第6話ならば

 なんだろう。このおっさんはと彼女は思った。


 名前や目的等を聞き出したが、唯迷い込んだだけだと言う。巫山戯ているのだろうか? わざわざこんな所に? 私の部屋に? なんで布団で? 

 起きてビックリして緊張したのにと彼女は憤慨しそうになる自分の心を息を静かに吐き出しながら整えた。そのお陰が体の強張りも抜けてくれた。

 冷静に考えると彼女は自分がした事におっかなびっくりしていた。元々の性格もあるし、一応明るくしてはいるが、やはり周りの気遣いは有難いのだが、その憐れみを含んだ心遣いに気づかない訳はないのだ。だから、当たり障りのない様、生きて来た。

 多分、自分も周りも疲れて澱が溜まっているのが分かっていた。


 それを取り払ってくれるナニかが始まる気がしたのにと。いやナニかを終わらせてくれたかもしれない。そんな当てのない望みを。

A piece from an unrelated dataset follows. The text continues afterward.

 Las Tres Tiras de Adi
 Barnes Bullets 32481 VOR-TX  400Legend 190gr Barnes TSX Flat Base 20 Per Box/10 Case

 …あのワクワクを返して欲しい。ちょっとだけ楽しんでいたのはナイショだった。


 とは言え、質問を続ける事にした。まあ一番に聞きたかった事ではあるのだが、もちろん、空を飛んでいた事だ。質問していると不可能な事ではないらしい。むしろ可能性を感じる。逸る気持ちを隠しながらシーツ越しに質問を繰り返す。



 引き攣った声をしていたおっさんは今では少し余裕が出てきたのか、どんどん答えて行く。


 彼女は考える。なんとかなるかもしれない。理論もあるが考え方やイメージの方が大切らしい。コントロールや精密さを目指すなら理論も学びたい所ではあるが、空を飛ぶと言う憧れであれば悪くない。


 後は魔力か。やはりそれなりの量は必要なのかもしれない。ただ飛ぶだけにそんなやり方… 浮くとなると。


 ─────

───


 いつの間にか時間を忘れ懇願していた。


 彼女はシーツで声をくぐもらせていた事も、時間が朝でそろそろ侍女が起こしに来ることも忘れて。